Mind erasers and aspirin – a 21st birthday I won’t soon remember
July 11, 2001
I found something out about myself this past weekend. It turns out I suffer from an ailment where, if I have a half-dozen or so beers, eight or nine shots and a couple of mixed drinks in an hour and a half, I repeat everything over and over and sleep until three the following day.
I’m not alone. The affliction actually affects most, if not all college students, though some may be unaware of it.
You see, I turned 21 Saturday. And in case you don’t know, this is the magical age when you not only are able to rent a car, you also can legally drink (although I wouldn’t recommend doing both at the same time).
There are a lot of traditions that come with turning 21.
Well, actually there is only one – having your “friends” get you annihilated at the bars.
I found out last weekend we live in a sick and twisted society that likes to see people suffer on their 21st birthday.
All week, everyone (co-workers, friends, random people) told me I was going to get so drunk I’d throw up this weekend.
What kind of a thing is that to say to someone? It was like they were wishing the flu on me. If I wanted to throw up, I’d down a bottle of Crisco.
Over and over I heard “Oh yea, you’re gonna barf,” and “Timmy’s gonna die.”
Ingrained in our culture is this sensation of physically hurting your friends on their 21st birthday.
Take for instance a conversation between two “friends” of mine late last week:
So-called friend No. 1: “Uh-oh, Tim’s turning 21 tonight. Let’s get him trashed.”
So-called friend No. 2: “Yea, dude. We’ll feed him shots until he can’t walk.”
So-called friend No. 1: “Hopefully he’ll make a fool out of himself, vomit and forget everything in the morning.”
So-called friend No. 1: “Dude, we are such good friends. Maybe he’ll have to get his stomach pumped.”
So-called friend No. 2: “He, he. That’d be pretty sweet, dude.”
So-called friend No. 1: “Dude.”
Maybe it’s me, but I just don’t see the fascination with trying to get a 5-foot-9, 150 pound 21-year-old drink themselves sick.
I kept hearing how great the bars were, how much fun I was going to have there Friday night.
Sure, it was a good time. But I’ll have an even better time the next time I go there, when people aren’t buying me drinks that could take the paint off your house.
Take for instance a certain drink a friend of mine bought me called a “mind eraser.” Now I’m no expert, but that sounds more like something Mulder and Scully would be in search for than a birthday drink from a buddy of mine (later in the night, I realized how it got its name).
Another thing I noticed was the lack of respect other people have for your body.

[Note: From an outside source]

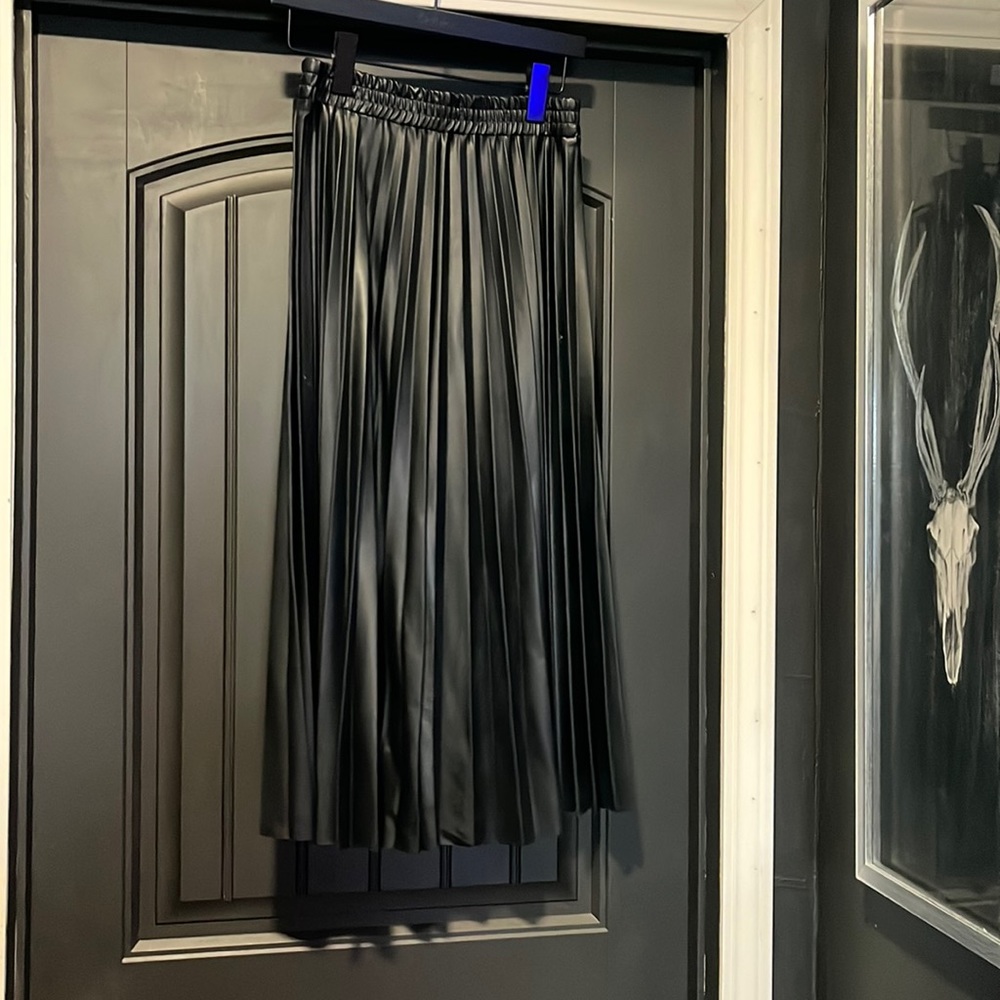 Pleather maxi skirt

On your 21st birthday, “No more for me” or “That’s it, I’m done” roughly translates to “I can still feel my legs, someone make me drink right out of the bottle.”
I used to say we should lower the drinking age to 18. After all, I thought, you could go to war and die for your country, but you can’t come home and have a cold beer?

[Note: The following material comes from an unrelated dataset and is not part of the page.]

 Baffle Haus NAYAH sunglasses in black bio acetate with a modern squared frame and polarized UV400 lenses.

Now that I’m 21 and have experienced various “birthday shots” and headache medicines, however, I don’t think that anymore. I guess I finally realized something – drinking makes you stupid. Now I know that might come as a shock to a lot of you, but allow me to explain myself.
Alcohol gets you drunk.
Drunk people are obscenely idiotic. If you don’t believe me, check the police blotter and count the number of public intoxications or public urinations on any given weekend.

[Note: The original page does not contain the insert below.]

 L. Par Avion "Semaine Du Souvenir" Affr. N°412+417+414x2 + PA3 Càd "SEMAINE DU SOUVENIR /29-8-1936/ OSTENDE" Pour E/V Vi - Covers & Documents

Therefore, by the distributive formula of mathematics, alcohol makes you stupid.
And yet, for some reason, millions of (un)lucky twenty-year-olds anticipate the big day when they can make fools of themselves in front of dozens of onlookers, all for the amusement of their sick and desensitized friends.
Turning 21 is different than other birthdays. People take their newfound abilities a little too far.
It’s like turning 16 and driving head-on into a moving train. You don’t see much of that happening.
But there I was Saturday, stumbling out of bed at three in the afternoon still feeling the effects of mind erasers and an evil pirate named Captain Morgan after a night of abusing my body like I was an 80s frontman.
My weekend excursion into the depths of absolute drunkenness is over, and I doubt I’ll ever put my body through anything like that again. I am still 21, however. So pass me a Miller High Life Light, if you don’t mind.
Tim Paluch is a junior in journalism and mass communication from Orland Park, Ill. He is opinion editor of the Daily. And no, in case you were wondering, he didn’t vomit.